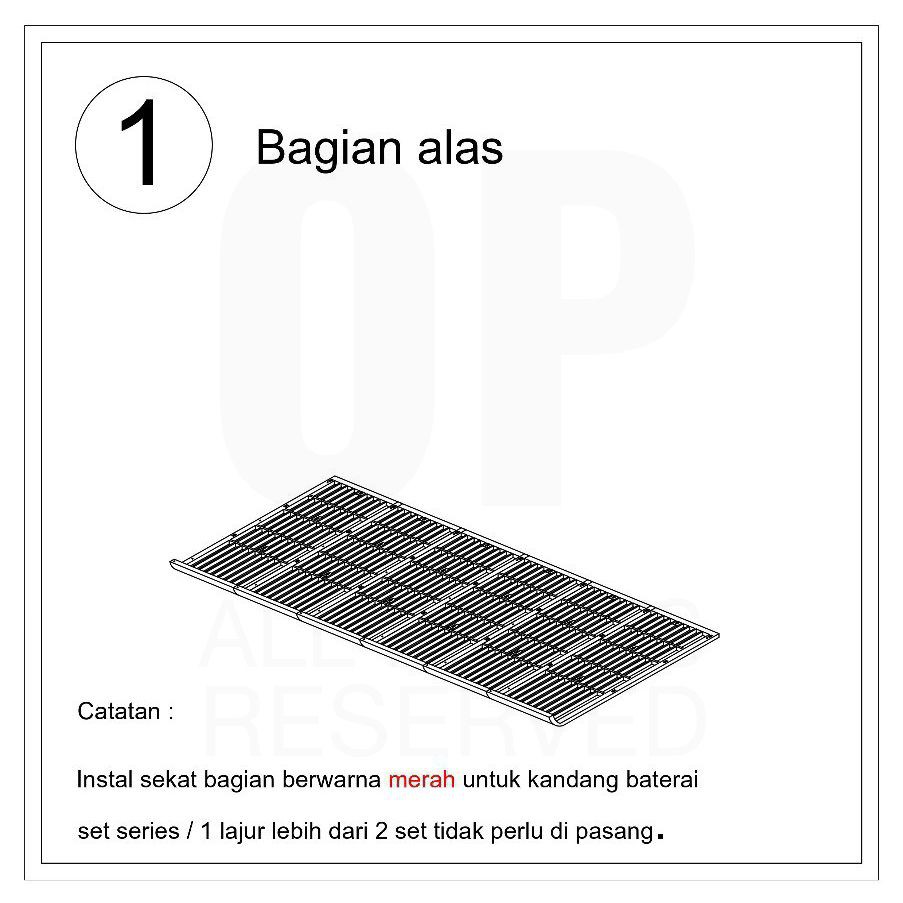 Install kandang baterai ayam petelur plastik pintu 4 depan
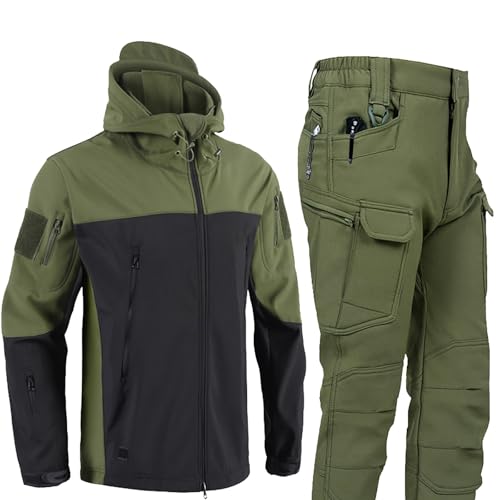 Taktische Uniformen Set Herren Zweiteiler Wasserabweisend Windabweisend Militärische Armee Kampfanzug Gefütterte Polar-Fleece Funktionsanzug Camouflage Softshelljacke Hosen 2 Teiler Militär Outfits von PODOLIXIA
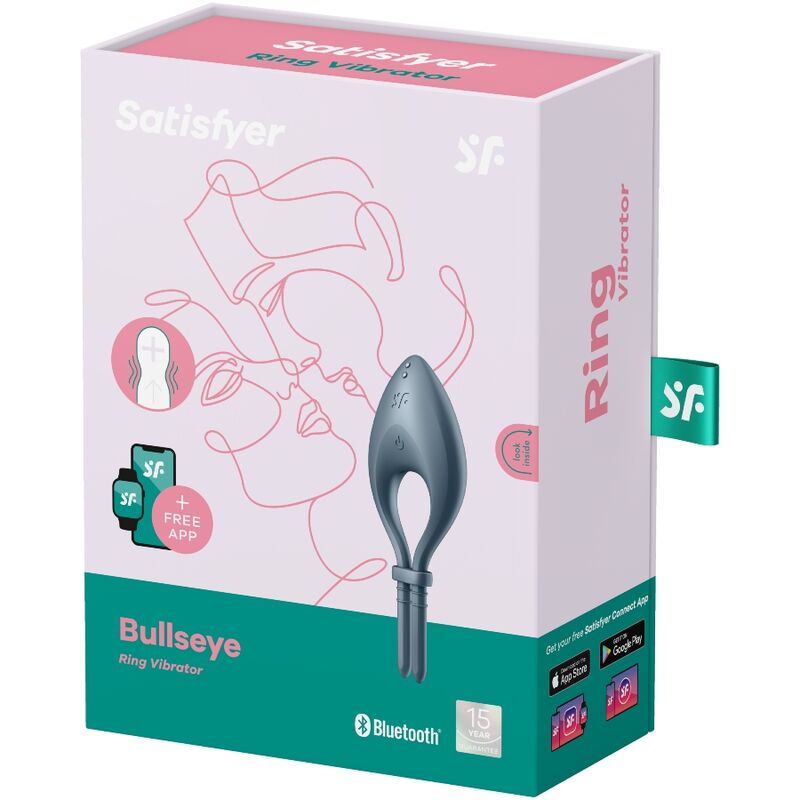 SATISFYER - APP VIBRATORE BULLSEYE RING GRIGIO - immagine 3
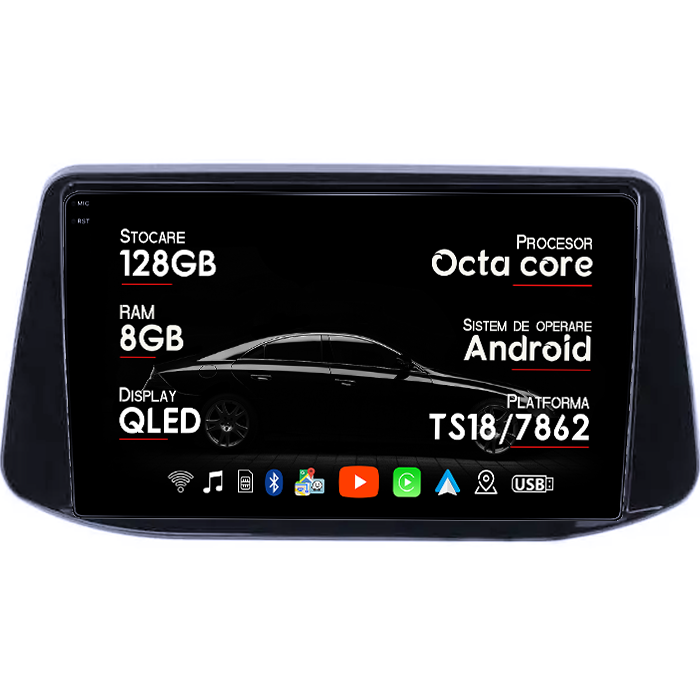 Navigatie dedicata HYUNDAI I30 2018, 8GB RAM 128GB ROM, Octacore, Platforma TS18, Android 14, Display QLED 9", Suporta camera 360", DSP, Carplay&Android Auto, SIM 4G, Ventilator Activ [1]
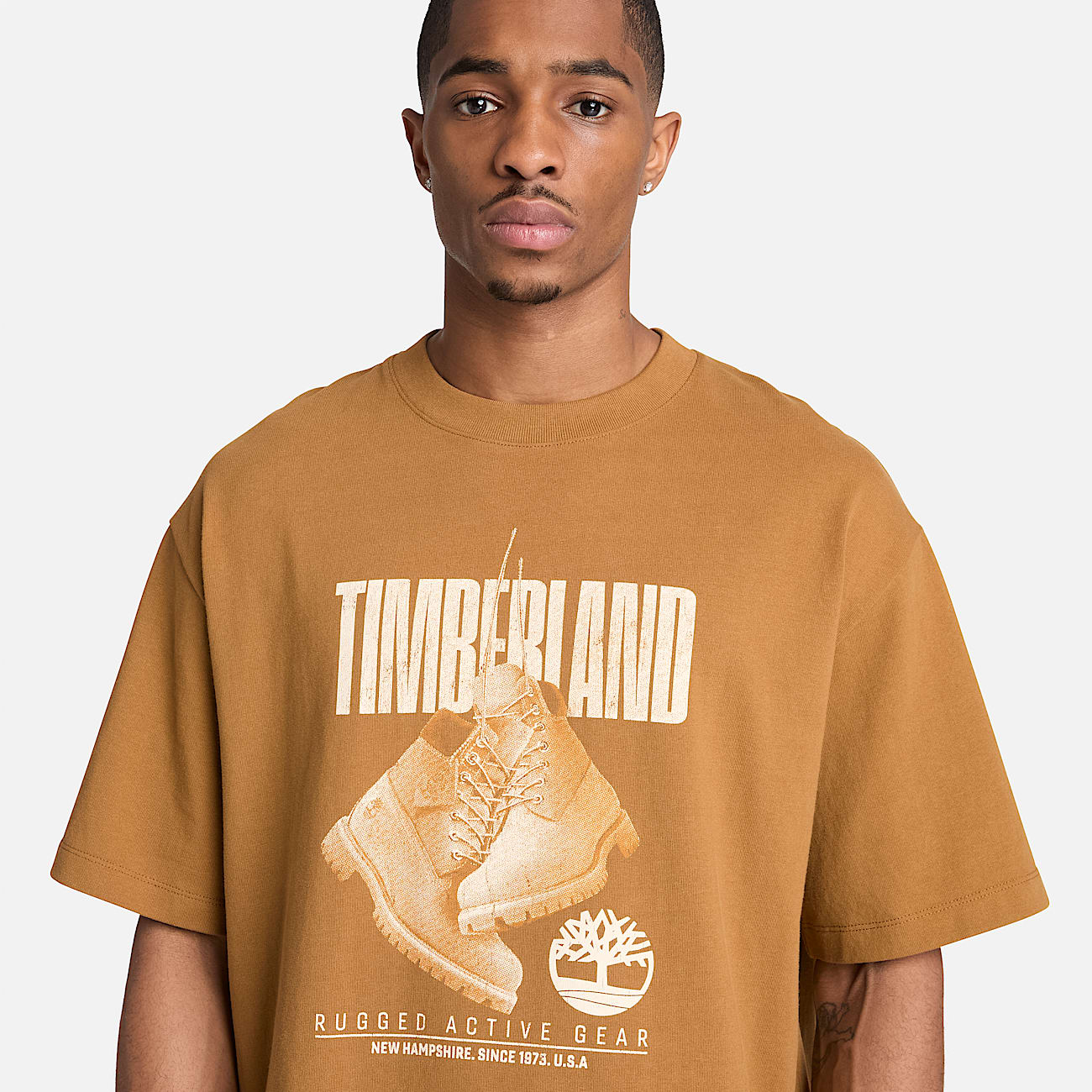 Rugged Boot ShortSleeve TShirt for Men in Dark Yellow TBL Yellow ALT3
•••
#### Your objective
Everything above except the pictures must be restated exactly.

#### Written reply
 Install kandang baterai ayam petelur plastik pintu 4 depan
 Taktische Uniformen Set Herren Zweiteiler Wasserabweisend Windabweisend Militärische Armee Kampfanzug Gefütterte Polar-Fleece Funktionsanzug Camouflage Softshelljacke Hosen 2 Teiler Militär Outfits von PODOLIXIA
 SATISFYER - APP VIBRATORE BULLSEYE RING GRIGIO - immagine 3
 Navigatie dedicata HYUNDAI I30 2018, 8GB RAM 128GB ROM, Octacore, Platforma TS18, Android 14, Display QLED 9", Suporta camera 360", DSP, Carplay&Android Auto, SIM 4G, Ventilator Activ [1]
 Rugged Boot ShortSleeve TShirt for Men in Dark Yellow TBL Yellow ALT3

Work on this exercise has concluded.